Code to extract annotations from exported JSON

I’m working on a project to collect phenology data on galls, and in many cases it would be useful to associate annotations like life stage with that data. At the moment, it’s not possible to get this information directly in the csv downloader (which works for everything else I want to get) but I can get them with the Python API. Unfortunately, the result is a nasty JSON file rather than a simple csv I can manipulate. I’m planning to tackle this problem myself (with help) but I wondered if it was something others had already solved since it’s likely a common issue. Is there code out there already I could just copy to turn the JSON output into a table of annotations?

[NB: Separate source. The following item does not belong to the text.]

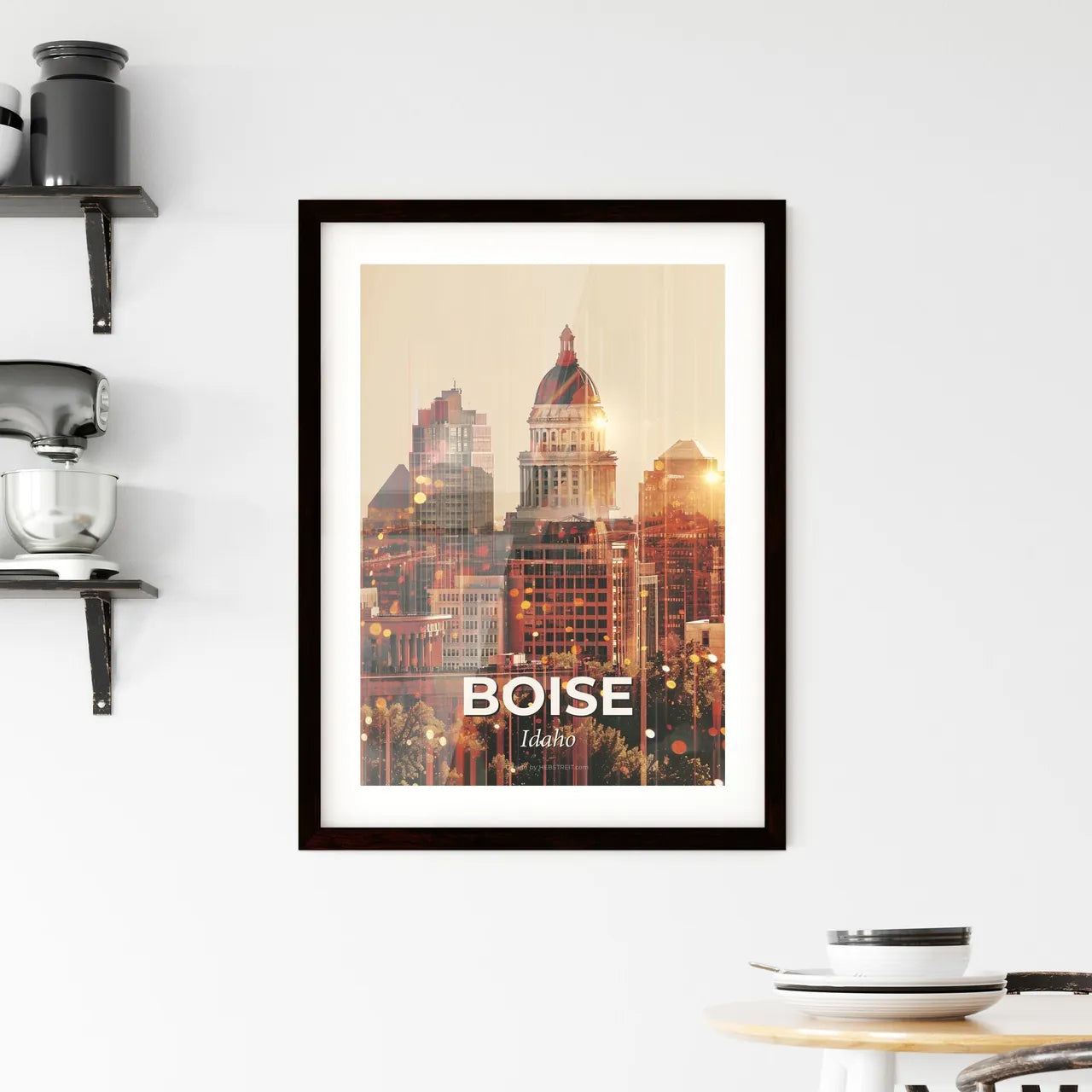 Boise Idaho City LIGHTS and ARCHITECTURE Art Framed Print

By “the Python API” do you mean the third-party package pyinaturalist?

2 Likes

Yes, exactly.

1 Like

My impression is that the rinat package cannot extract annotations from the API for some reason, but that the pyinaturalist package can, so I’m using Python in RStudio, and successfully get the results I want. They’re just in a form I don’t know how to manipulate–JSON. I imagine that since many people have come up against this issue, someone has figured out how to go from that JSON to a simple dataframe or something of the annotations, so I was hoping to save myself some time and headache by using that code if someone has it and is willing to share it.

1 Like

I haven’t seen a snippet for that particular need, but maybe @jcook has some suggestions?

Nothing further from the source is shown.